Une vision que nous sommes nombreux à partager et je pense qu’il est important de ne pas sacrifier sur l’autel de la réussite le plaisir basique de la pêche. Vous êtes capot ? Et alors, si vous avez passez un bon moment sur l’eau, heureux de votre sortie. Cela étant, l’objectif est quand même bien de prendre quelques « cartouches » qui augmentent rapidement notre pouls, sans être pour autant esclave du résultat. Je prends chaque année des taules mémorables, si je suis en mode détente seul ou avec un pote, j’arrive très bien à survivre à cette épreuve, mais c’est un peu plus compliqué quand je suis en guidage et que les clients attendent de leur moniteur quelques résultats probants.

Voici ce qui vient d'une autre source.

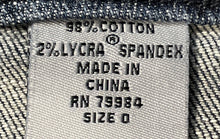 Load image into Gallery viewer, Chico's Womens Blue Denim 5-Pocket Design Platinum Straight & Pencil Skirt Sz 0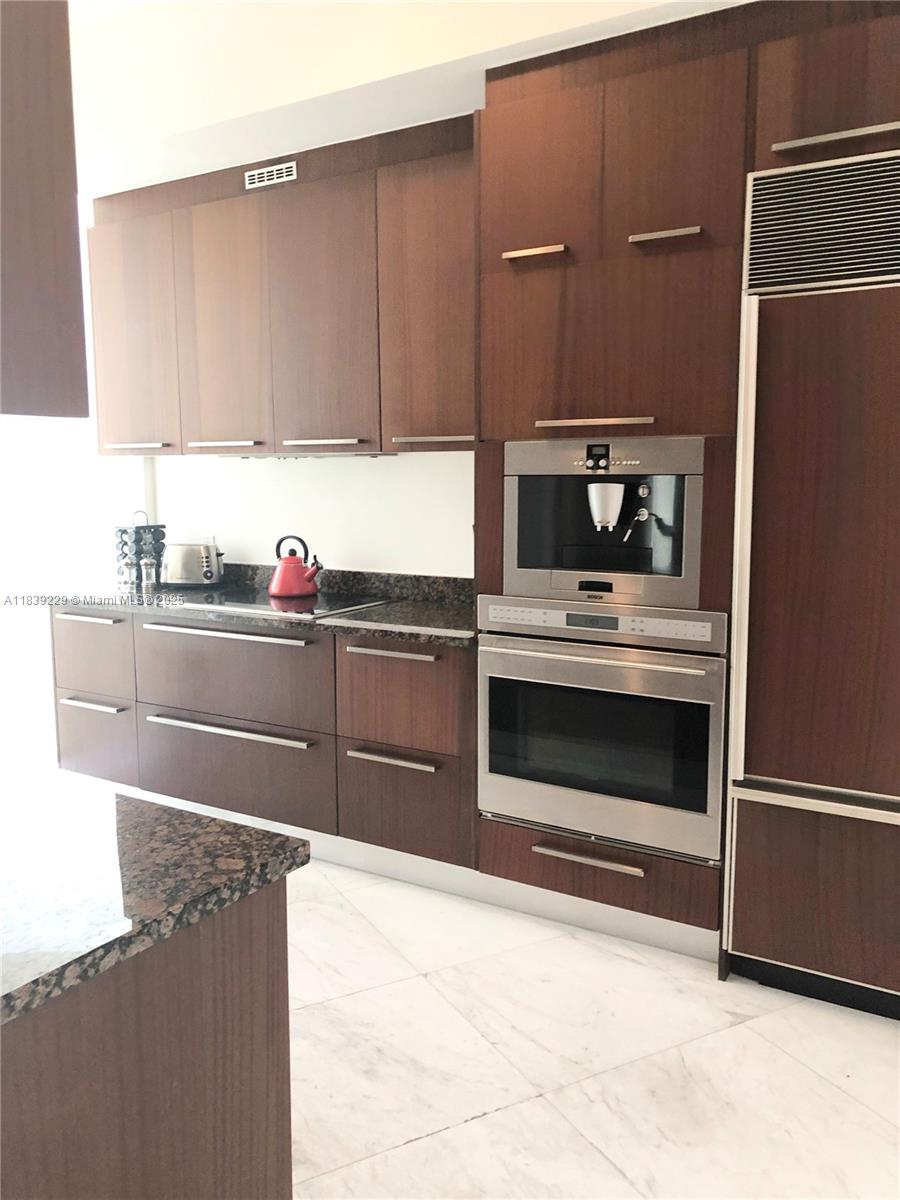 TDR TOWER III CONDO - Residential Lease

Connaître quelques paramètres
La stratégie compte d’autant plus que le milieu pêché est vaste. Les populations piscicoles des grands lacs n’ont pas la même répartition que dans un étang. Ainsi, la probabilité de rencontrer un brochet actif peut devenir compliquée. Les conditions climatiques antérieures à la partie de pêche, la température de l’eau influent sur le comportement des cyprinidés qui peuvent rechercher des zones plus chaudes, stationner dans la thermocline. La thermocline est la zone de transition thermique rapide entre les eaux superficielles (généralement plus chaudes et oxygénées) et les eaux profondes. Ou ils peuvent migrer vers par exemple la tour de restitution d’un lac-réservoir qui apporte une eau chargée de nutriments. Les carnassiers n’hésitent pas à suivre leur garde-manger, à moins que les populations de poissons fourrages ne soient exponentielles. Dès lors, on a quelquefois l’impression de pêcher dans une baignoire et notre impressionnante collection de leurres n’y change rien, ni le panel des techniques mises en œuvre. Frustrant non ? C’est pourquoi il faut attacher un peu d’importance aux conditions météorologiques récentes, à la température de l’eau (si elle a perdu quelques degrés depuis votre dernière session, il est fort probable que les carnassiers sont descendus d’un étage), à la présence ou non lors de votre progression des boules de poissons si caractéristiques sur votre échosondeur, ou tout simplement aux résultats des confrères selon leurs zones de prospection.
Techniques opérantes
Il restera à déterminer l’action de pêche la plus appropriée : pêche lente sur postes marqués pour une fouille minutieuse et insistante aux leurres, ou au contraire, techniques agressives et prospectives en power fishing pour couvrir un maximum de terrain. On peut alterner la prospection au spinnerbait et aux leurres souples, utiliser les poissons nageurs pour les couches d’eaux intermédiaires, varier les grammages, les couleurs et les formes de leurre. C’est plus facile en binôme quand chacun utilise une technique différente pour trouver le pattern du moment. La pêche n’étant pas une science exacte et les conditions pouvant rapidement changer, il ne faut surtout pas se figer sur le leurre qui a fait ses preuves lors de la dernière partie de pêche, mais considérer qu’à chaque session tout est remis en cause.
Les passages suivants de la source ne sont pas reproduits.